The magnitude and compass direction of the resultant force are $4232.08\ \text{pounds}$ and $72.68{}^\circ$, respectively.
Let the one tug pull with a force ${{\mathbf{F}}_{1}}$. The second tug pulls with a force ${{\mathbf{F}}_{2}}$. The one tug pulls with a force \begin{align} & {{\mathbf{F}}_{1}}=\left\| {{\mathbf{F}}_{1}} \right\|\cos \theta \ \mathbf{i}+\left\| {{\mathbf{F}}_{1}} \right\|\sin \theta \ \mathbf{j} \\ & =2500\cos 35{}^\circ \mathbf{i}+2500\sin 35{}^\circ \mathbf{j} \\ & =2047.88\mathbf{i}+1433.94\mathbf{j} \end{align} Here, $\theta$ is the angle of first force from the horizontal axis. The second tug pulls with a force \begin{align} & {{\mathbf{F}}_{2}}=\left\| {{\mathbf{F}}_{2}} \right\|\cos \varphi \ \mathbf{i}+\left\| {{\mathbf{F}}_{2}} \right\|\sin \varphi \ \mathbf{j} \\ & =2000\cos \left( -5{}^\circ \right)\mathbf{i}+2000\sin \left( -5{}^\circ \right)\mathbf{j} \\ & =1992.4\mathbf{i}-174.31\mathbf{j} \end{align} Here, $\varphi$ is the angle of the second force from the horizontal axis.

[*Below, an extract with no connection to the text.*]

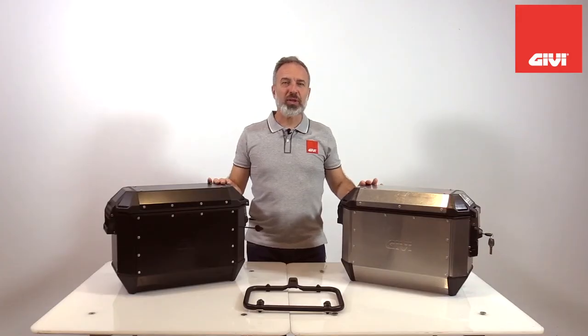Friends of GIVI, welcome back. Today we are introducing the new Trekker Alaska aluminum side case.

The resultant force is \begin{align} & \mathbf{F}={{\mathbf{F}}_{1}}+{{\mathbf{F}}_{2}} \\ & =\left( 2047.88\mathbf{i}+1433.94\mathbf{j} \right)+\left( 1992.4\mathbf{i}-174.31\mathbf{j} \right) \\ & =4040.28\mathbf{i}+1259.63\mathbf{j} \end{align} The magnitude of the resultant force is \begin{align} & \mathbf{F}=\sqrt{{{\left( 4040.28 \right)}^{2}}+{{\left( 1259.63 \right)}^{2}}} \\ & =4232.08\ \text{pounds} \end{align} The direction of the resultant force is \begin{align} & \tan \phi =\frac{1259.63}{4040.28} \\ & \phi =17.32{}^\circ \end{align} Here, $\phi$ is the angle of the resultant force from the horizontal axis. So, the compass direction of the resultant force is $\left( 90{}^\circ -17.32{}^\circ \right)=72.68{}^\circ$.